You're also experimenting with style and structure. Each chapter shares a unique perspective from a different character but is connected to the overall
mosaic. One chapter is in the form of a letter, another is a magazine interview, and most resemble short stories. Why break with traditional form and
employ an unorthodox approach for this particular novel?
I was interested in looking at people and situations from different points of view. I thought the magazine interview (set in Paris) was a perfect vehicle
to get inside the mind of this woman, a complicated poet, and get her idea of how she understands herself, her life, the world she was raised in and how
she understands her place in it. Because we've seen her before in an earlier chapter, and she's been described through the eyes of her Afghan chauffer;
she's also being described by her own daughter in the later chapters. So, we have these different accounts of a single person full of contradictions and
conflicts and we get to see her from multiple angles.
This is unlike the sort of archetypal characters I wrote in Kite Runner. There weren't too many ways of interpreting those characters, like
Hassan, who was such a lovely, angelic character. But there are different ways of interpreting this woman. That's what this shifting perspective and
structure allowed me to do; see different people in different situations in different storylines from various angles.
Throughout the novel, I noticed the characters have a persistent need and search for an existing but absent love -- one that is eventually earned but
often at a burdensome cost. For most characters, it seems sacrifice is necessary to truly appreciate and understand love's reality. This reoccurs in
all your novels. What keeps drawing you to this theme?
You're right. It's something I'm drawn to. The very first chapter of this book, which is a fable, sets up questions that are raised throughout the book,
albeit in a realistic way and not an allegorical way. It begins with the notion of "family." I'm from Afghanistan, and family is so central to Afghan life.
It's the way you understand yourself, those around you, and how you perceive yourself in the world as part of this whole.
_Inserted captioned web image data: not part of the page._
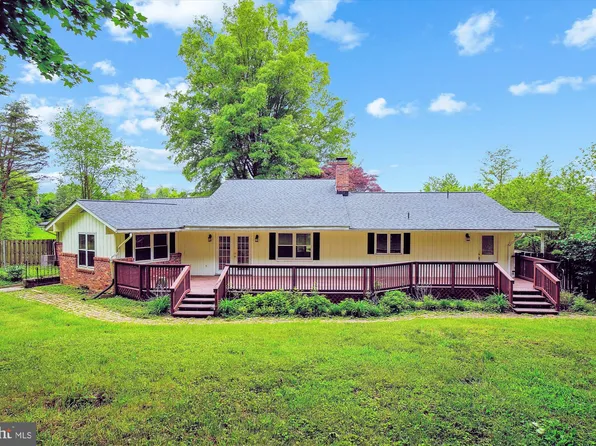25742 Ridge Rd, Damascus, MD 20872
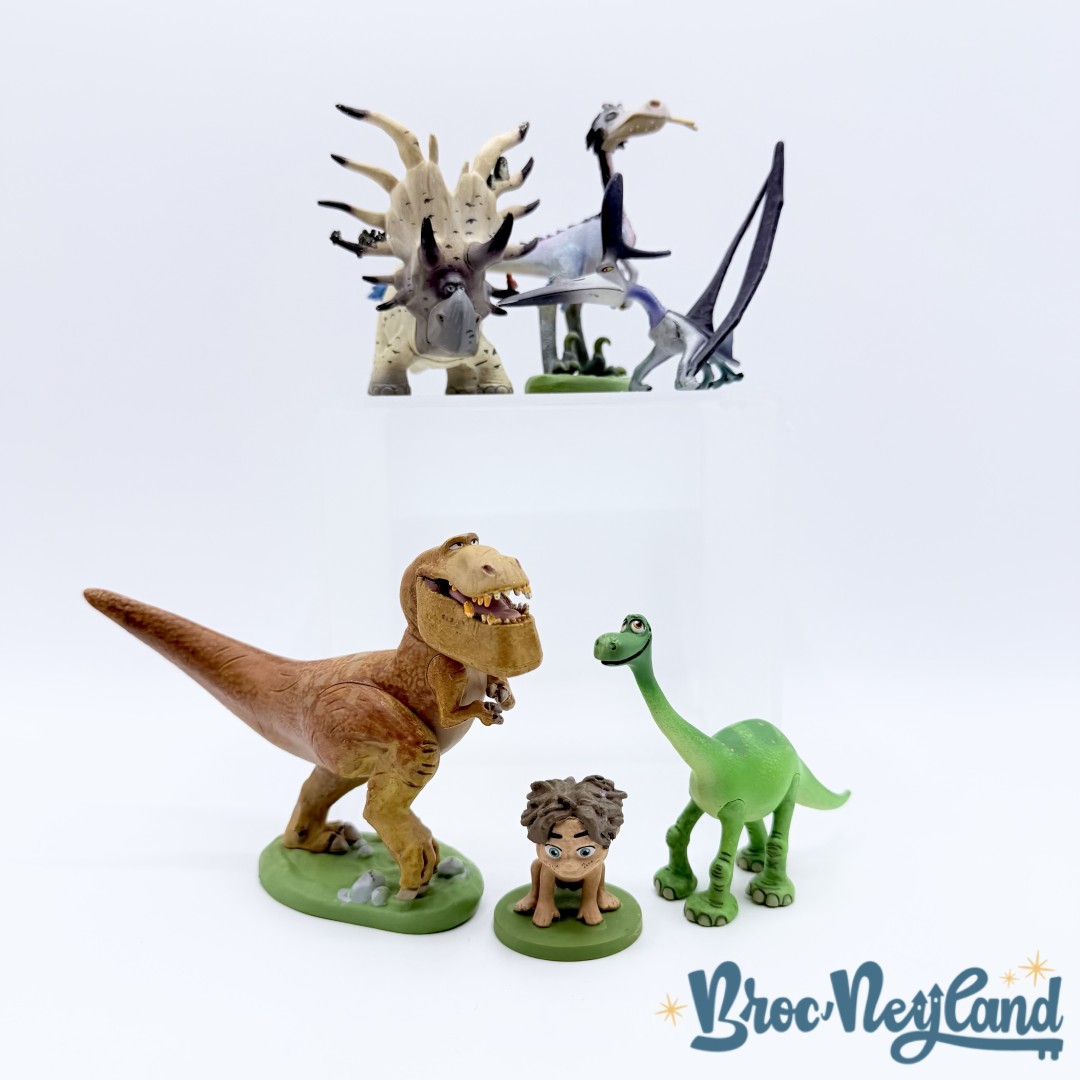Figurines-Le-Voyage-Arlo-Playset-Disney-Store-2015-The-Good-Dinosaure-Ensemble-de-jeu (2)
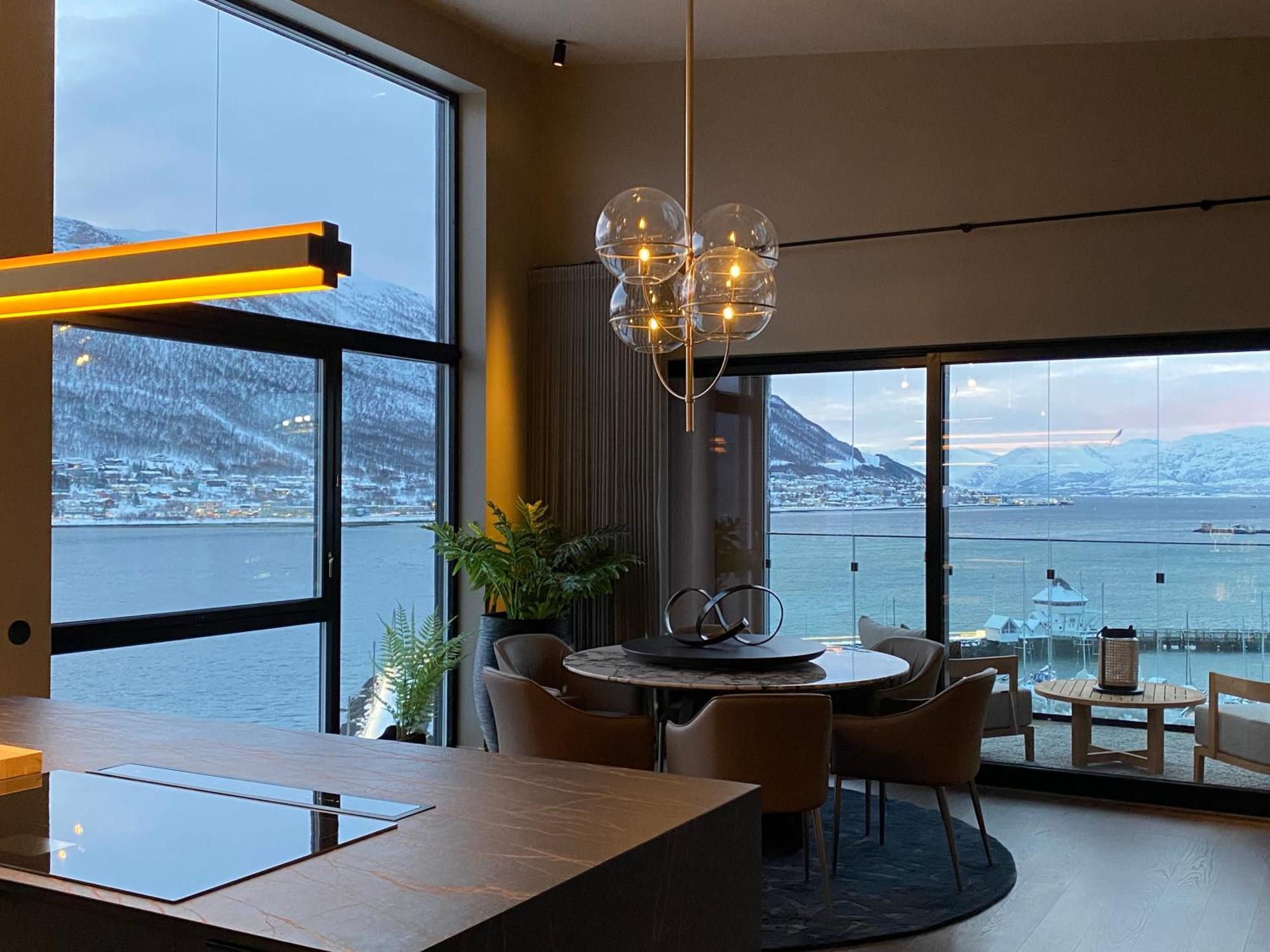 Vindlys Luxury Penthouse Apartment Tromso Ngoại thất bức ảnh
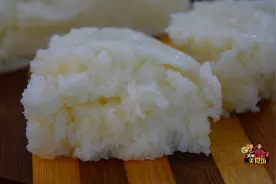 大米发糕好吃有诀窍，加上1碗牛奶，这样做出来软糯香甜，超好吃图片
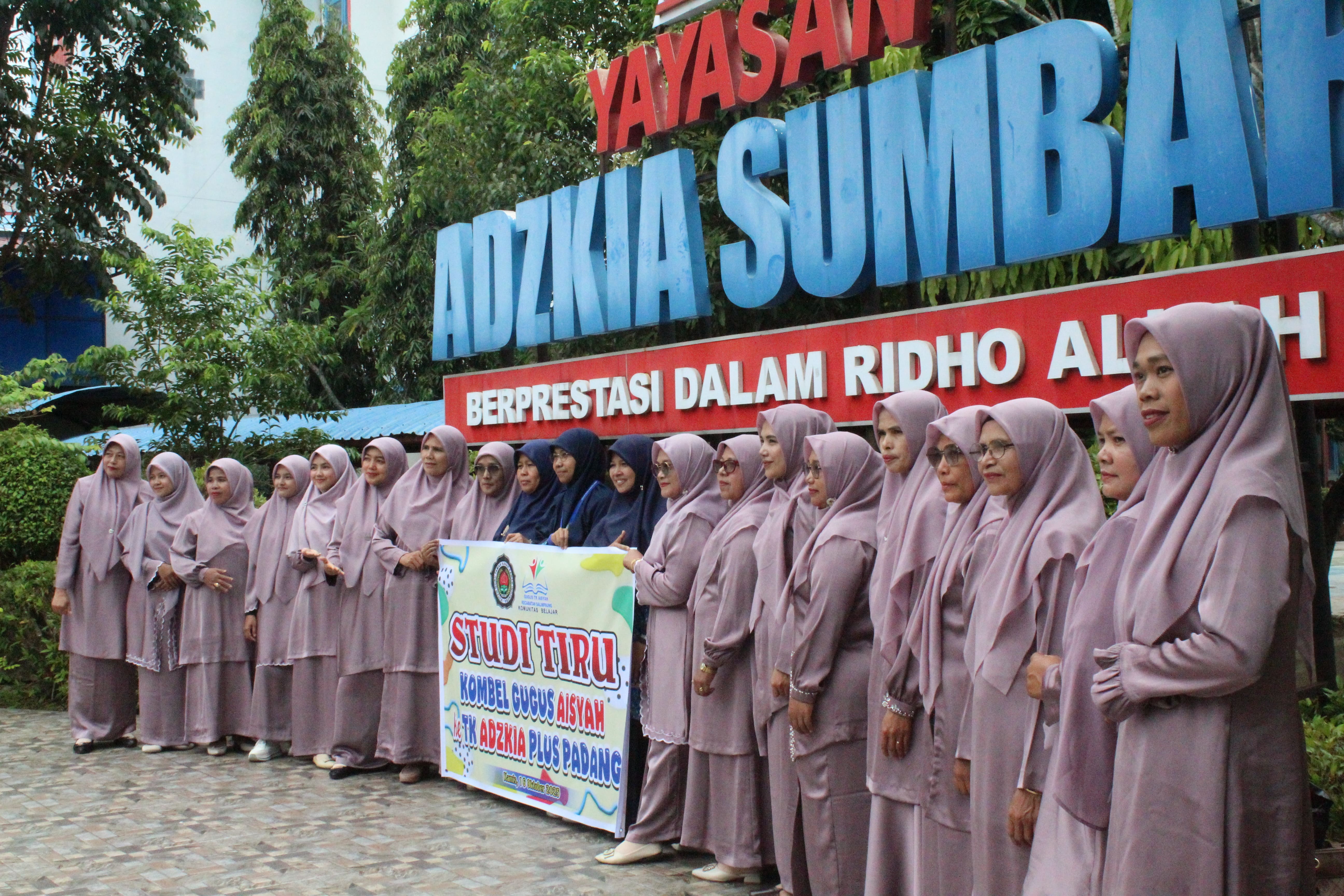 Study Tiru KKG Aisyah Salimpaung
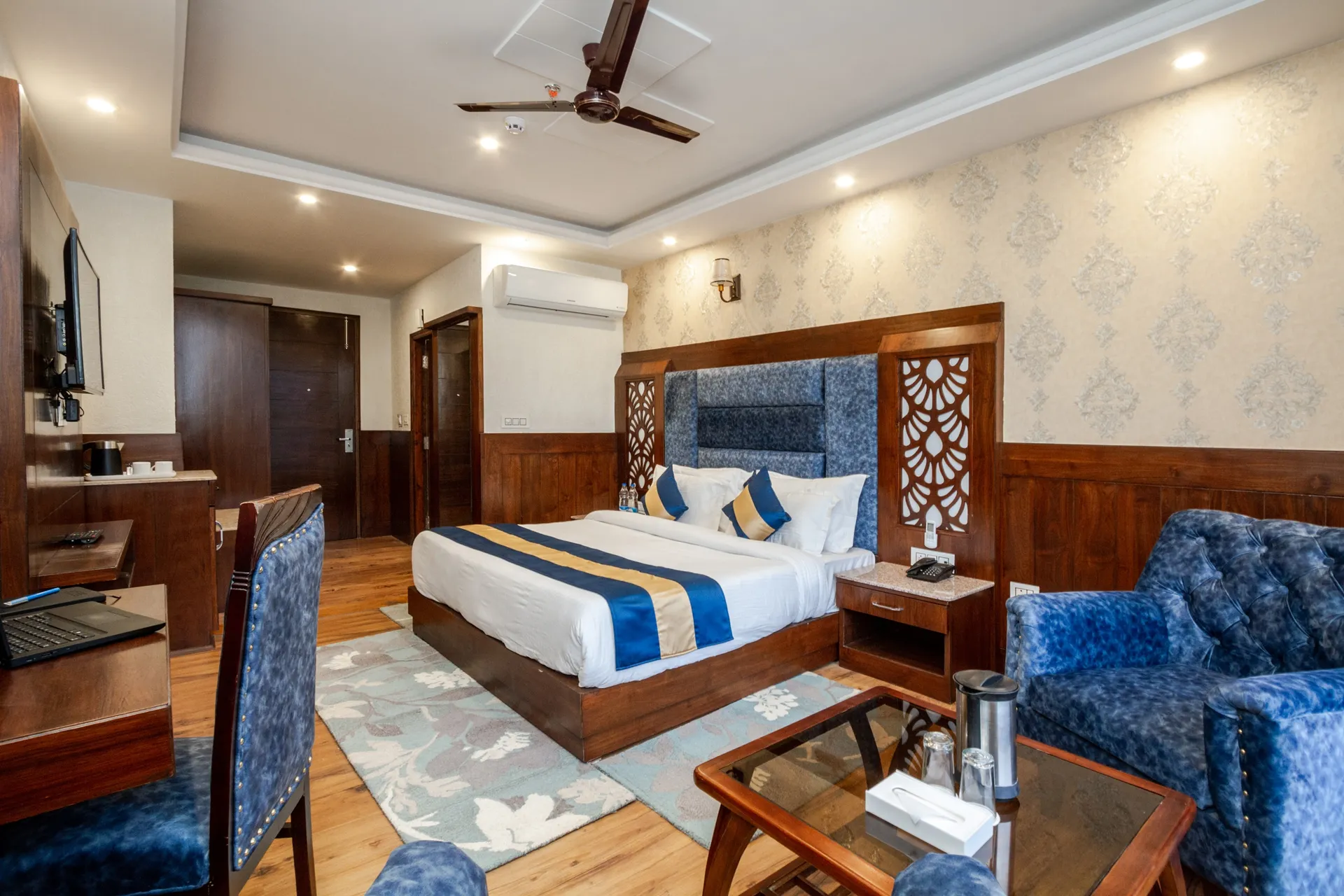 DLS La serene Valley Room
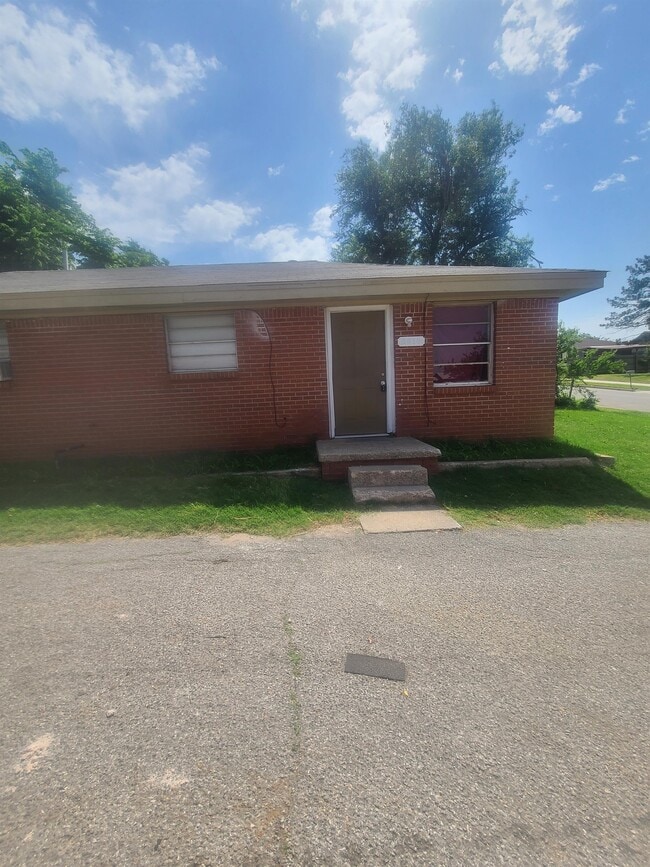 Photo - 2813 33RD12 PLEX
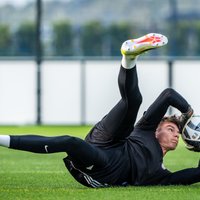 Foto: Latvijas futbolisti iesildās mačam pret Fēru salām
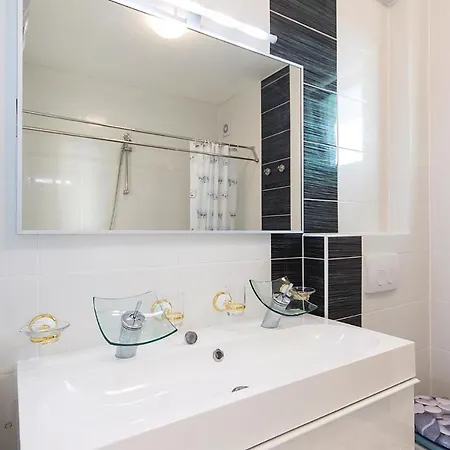 5 Bedroom Amazing In Holiday home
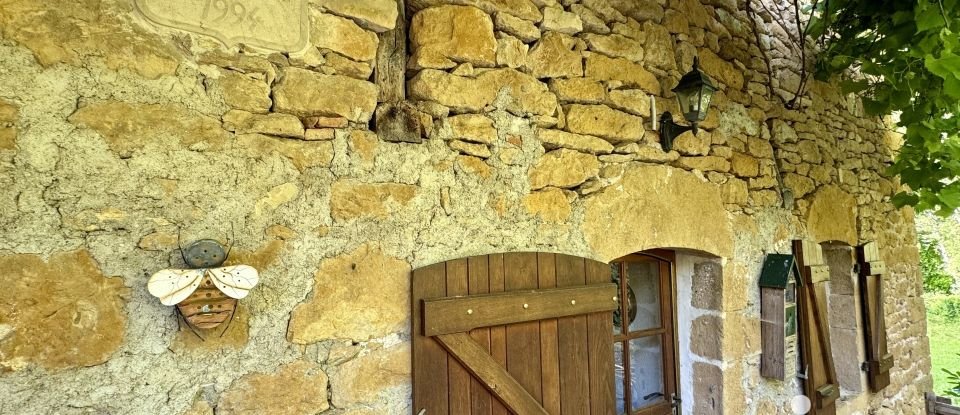 Traditional house 4 rooms of 83 m² in Lissac-et-Mouret (46100)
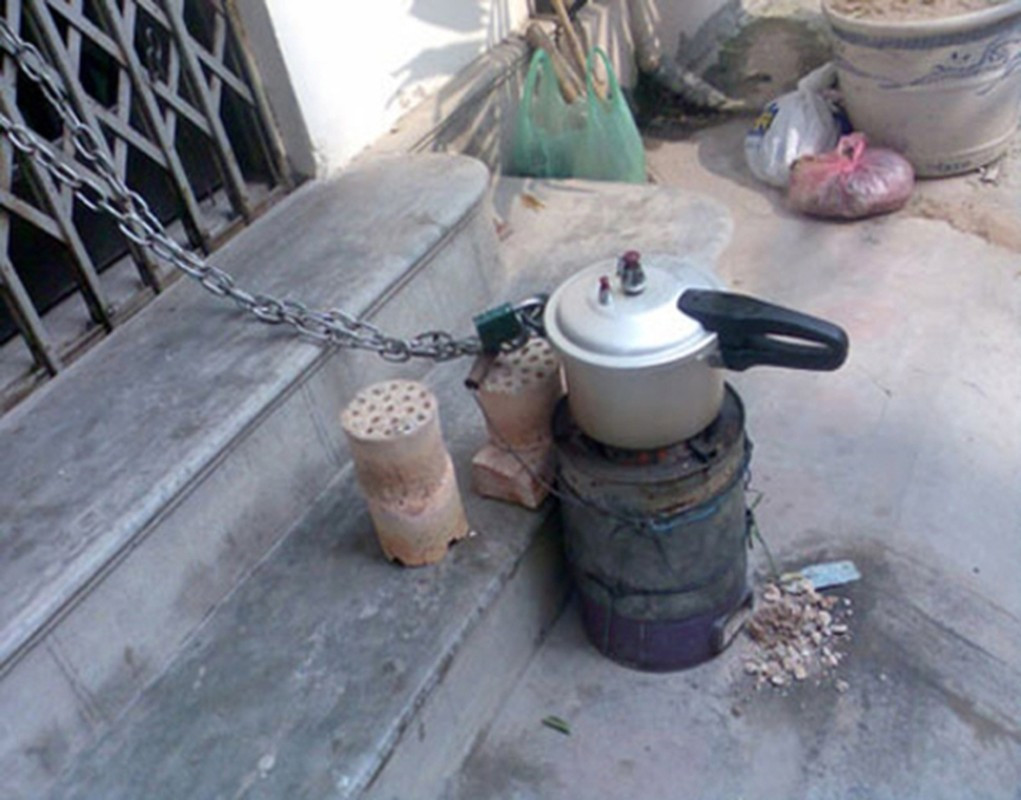 Thời buổi trộm cắp không biết đâu mà lường, nên là có cái nồi cũng phải khóa cho an tâm.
That opening fable asks what does family mean to you? To what length will you protect its unity? How far will you climb for it? How would you measure your
own personal happiness or what you owe to those around you? Are you capable of inflicting a deep, resounding loss upon yourself out of love for someone
else -- for the greater good? Also, I'm interested in the role of memory. In the fable, the div (a supernatural creature in Afghan folklore) gives
the father, Baba Ayub, a potion and relieves him of the burden and pain of remembering his son, whom the div has captured and hidden in his
fortress). This recurs at the end of the book with the character Abdullah.